I was leaving Lowes, happy that I was only going to have to go there once for this project, when I looked up and saw a large header off to the south. I figured that it was the hills south of town burning an area that usually provides pretty good photography and is only 15 minutes or so from my home.
As I had nothing going that couldn't be done the next day, I headed for the hills. When I got closer to the hills, I saw that the fire was probably in the next set of hills, a little farther south. Only another 15 minutes or so farther, what the heck - it's just gas.
Of course as I got closer, the fire got farther. It ended up being in Lake Elsinore, an area I hardly ever go to to photograph fires. I got through the CHP roadblock and saw that CalFire/Riverside County had things pretty much in hand.
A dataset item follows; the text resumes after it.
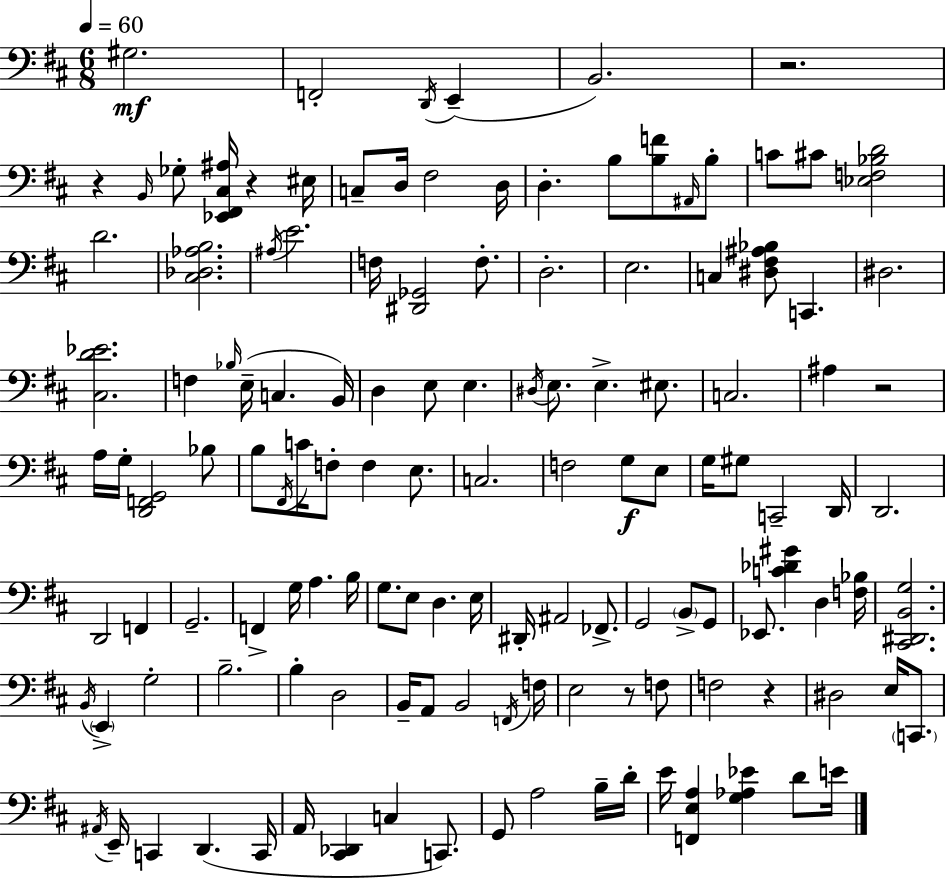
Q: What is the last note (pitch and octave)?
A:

A traffic accident on the freeway had ignited a brush fire that had spread pretty rapidly. I think it got up to around 25 acres or so before being contained. A lot of exposures had kept the county folks busy. When I got there, the most active area was an equipment/material storage area that had been ignited by the brush fire. A pile of large tractor tires and another large area of plastic drainage pipe was going pretty good and sending a billowing column of black smoke into the air. A great opportunity for me.
Though no units from my department were there, I got a few decent shots of the county getting it done.
As all of this stuff was in the middle of the burn, it probably wasn't as critical as controlling the spread of the fire. About the time it became top priority, I was able to get there.
A pretty long lay from a hydrant allowed them to use a master stream, though the piled up material presented a challenge.
Fortunately, they had the right tools for the job.
CalFire operates a bunch of dozers throughout the state, there are a couple in our county. They are a great tool to have.
CalFire also operates helicopters, two of which were on this fire. This is my favorite shot of the day, copter 902 dropping on the burning tires.
As the opportunity for dramatic images waned, so did my desire to be there. I was getting tired and thirsty, so I drove the 45 minutes back home. Mop-up on this fire took many hours, I'm guessin' there were units ther till midnight or so. Better them than me - poor bastards.
Though it was my misjudgement on where this fire actually was that got me there, I'm glad I went. It was worth the drive.